- Born: 1945 (age 80–81) Edinburgh, Scotland
- Citizenship: United States
- Education: Scotland, M.B., Ch.B. Royal College, F.R.C.S.Ed. American College, F.A.C.S.
- Scientific career
- Fields: Portal hypertension Patient safety
- Workplaces: University of Mississippi Medical Center

= J. Michael Henderson =

J. Michael Henderson (born 1945 in Edinburgh, Scotland) is an American general and transplant surgeon, with experience in portal hypertension, liver transplantation, and pancreatic disease. Henderson is the Chief Medical Officer at the University of Mississippi Medical Center since 2015. Prior to this role, he was with the Cleveland Clinic from 1992–2014. He was the Chairman of the Department of General Surgery and Director of the Transplant Center for 12 years, and was the Chief Quality Officer for the Cleveland Clinic’s 10-hospital system for eight years.

==Biography==
Henderson graduated in 1969 from the University of St. Andrews in Scotland with an M.B.Ch.B. (Bachelor of Medicine, Bachelor of Surgery). He received his surgical training in Edinburgh and Dundee, Scotland, and became a Fellow of the Royal College of Surgeons of Edinburgh (F.R.C.S.Ed.) in 1973. He became a Fellow of the American College of Surgeons (F.A.C.S.) in 1983. From 1978–92, he worked at Emory University, starting as a research Fellow, up to full Professor of Surgery and Director of Liver Transplant. From 1992–2014 he worked at the Cleveland Clinic in Cleveland, Ohio, as Chairman of General Surgery and Director of the Transplant Center initially, and from 2006–2014 as Chief Quality Officer of the Cleveland Clinic Health System and Professor of Surgery at the Cleveland Clinic Lerner College of Medicine. He was also the Chairman of its Quality and Patient Safety Institute, which integrated management systems for patient safety and quality for the Clinic.

== Career ==
Henderson’s medical career began in Edinburgh, Scotland where he trained in general surgery to become a fellow at the Royal College of Surgeons. He accepted a fellowship in 1978 at Emory University in Atlanta where he practiced for 14 years. He specialized in portal hypertension and helped start a liver transplant program in the 1980s.
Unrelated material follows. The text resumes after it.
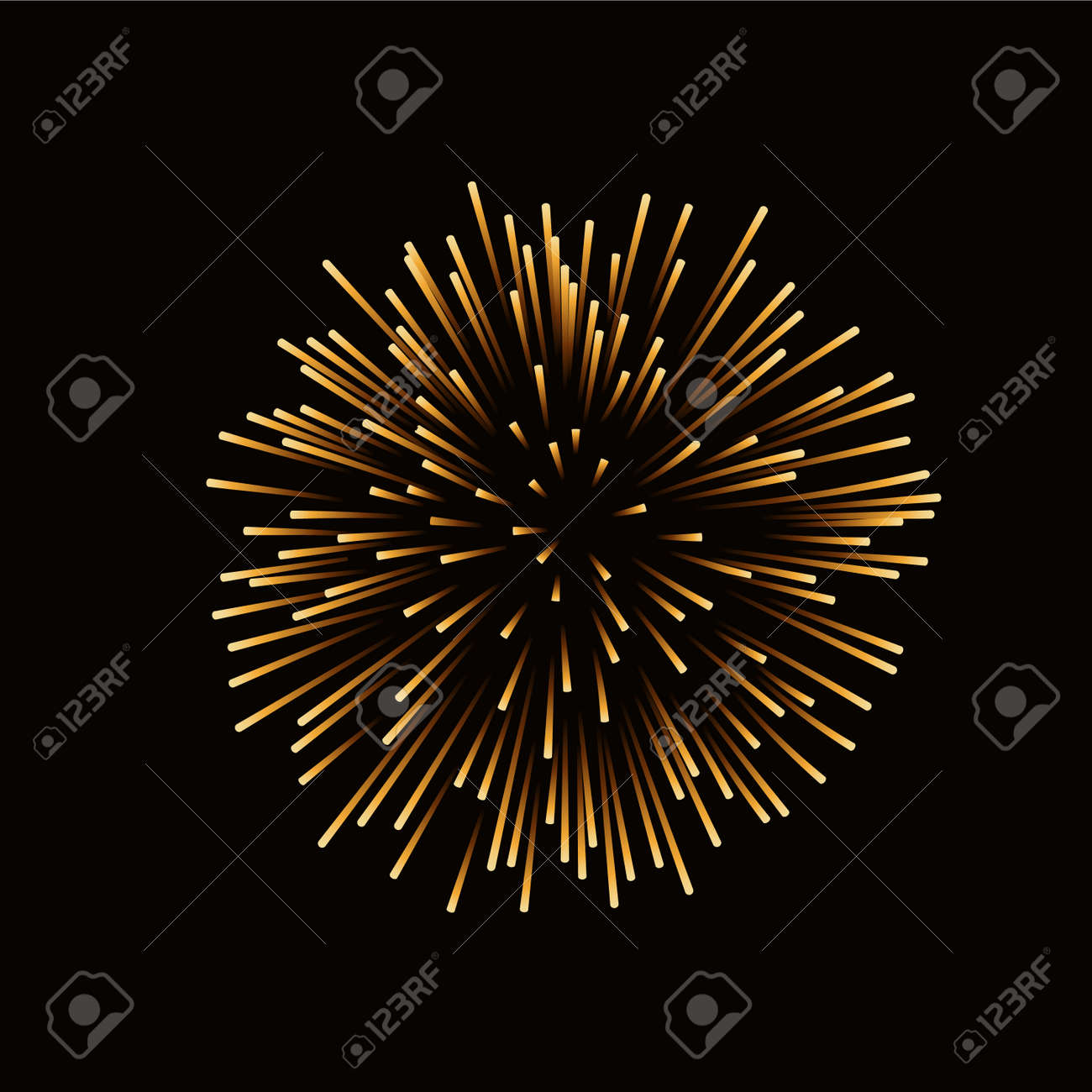 Fogo De Artificio Dourado Isolado Fogo De Artificio Dourado Bonito Em Fundo Preto Decoracao Brilhante Para O Cartao De Natal Celebracao Do Feliz Ano Novo Aniversario Festival Desenho Plano Ilustracao Vetorial Ilustraciones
In 1992, Henderson was appointed Chairman of Surgery at the Cleveland Clinic and Director of the Transplant Center.
Henderson became the Chief Medical Officer at the University of Mississippi Medical Center on March 1, 2015.

Henderson has served on the World Health Organization Global Leaders Panel on the Leaders Guide on Patient Safety and Quality of Care in Service Delivery; The Joint Commission’s Center for Transforming Healthcare Advisory Board; and the WellPoint National Quality Advisory Panel. Through his work in quality improvement, he chaired the American College of Surgeons’ National Surgical Quality Improvement Program Advisory Committee; and the National Institutes of Health’s Data and Safety Monitoring Board for Living Liver Donor Studies. Henderson is Associate Editor of the Journal of Patient Safety.

Previously, he was Chair of the UNOS (United Network for Organ Sharing) Donation Committee; Chair of the Ohio Solid Organ Transplant Consortium; Chair of the Lifebanc (Northeast Ohio organ procurement organization) Board of Trustees; and a member of the Governing Body of the American Association for the Study of Liver Disease. He was a member of the Ohio Department of Health’s Hospital Quality Measures Advisory Council; and Chair of the NE Ohio Quality Collaborative with the Ohio Hospital Association.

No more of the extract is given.